Maryland Avenue in the 1930s was home to immigrants from around the Mediterranean. Evelyn Kogok Hier grew up at 1328 Maryland Avenue. She remembered her next-door neighbor, the Right Reverend Ayoub (Job) Salloom, hosting after-church gatherings where men shared a hookah, the ancient water pipe for smoking tobacco. Rev. Salloom ministered to the tight-knit "Little Lebanon" community at St. George's Syrian Orthodox Church on Eighth Street, NW. As a child, Kogok remembered, she would cut through Linden Court to H Street and the candies at Lebanese-owned Farris & Son's Confectioners. The Atlas movie house replaced Farris's in 1938.

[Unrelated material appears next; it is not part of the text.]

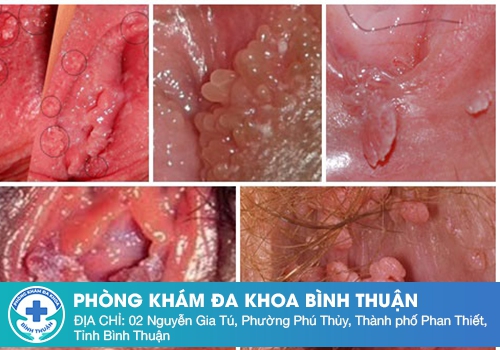 Hôi âm đạo do các bệnh xã hội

Many of the neighborhood's Greek immigrants started up the economic ladder selling produce from huckster wagons, then renting stalls at the wholesale markets before opening their own, often food-related, businesses. In the 1940s the Pappas and Callas families operated produce stands at Union Terminal Market on Florida Avenue. The Cokinos family ran the nearby Goody Shop confectionery beginning in 1910. Greeks owned the Rendezvous Club and the Paramount, Kavakos, Chaconas, and Bacchus grills along H Street between here and Seventh Street. On the Fourth of July, their children donned traditional Greek military uniforms to march in the neighborhood parade.

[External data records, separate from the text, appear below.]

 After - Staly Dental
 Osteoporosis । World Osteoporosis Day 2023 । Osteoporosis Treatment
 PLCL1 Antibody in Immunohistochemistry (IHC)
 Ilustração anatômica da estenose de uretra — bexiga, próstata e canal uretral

Although African American families had long lived in the neighborhood, deeds originally restricted some blocks, including this on, to whites. African American educators James L., and Gustava Eubanks operated Washington Junior College of Music at 12th and G before moving it to 1252 Maryland Avenue in 1947.

Noted African American architect Lewis Giles, Sr. (1893-1974) grew up on Linden Place, which you will pass on your left as you walk to Sign 13.

To reach Sign 13, turn right on 13th Street, cross H, and turn left.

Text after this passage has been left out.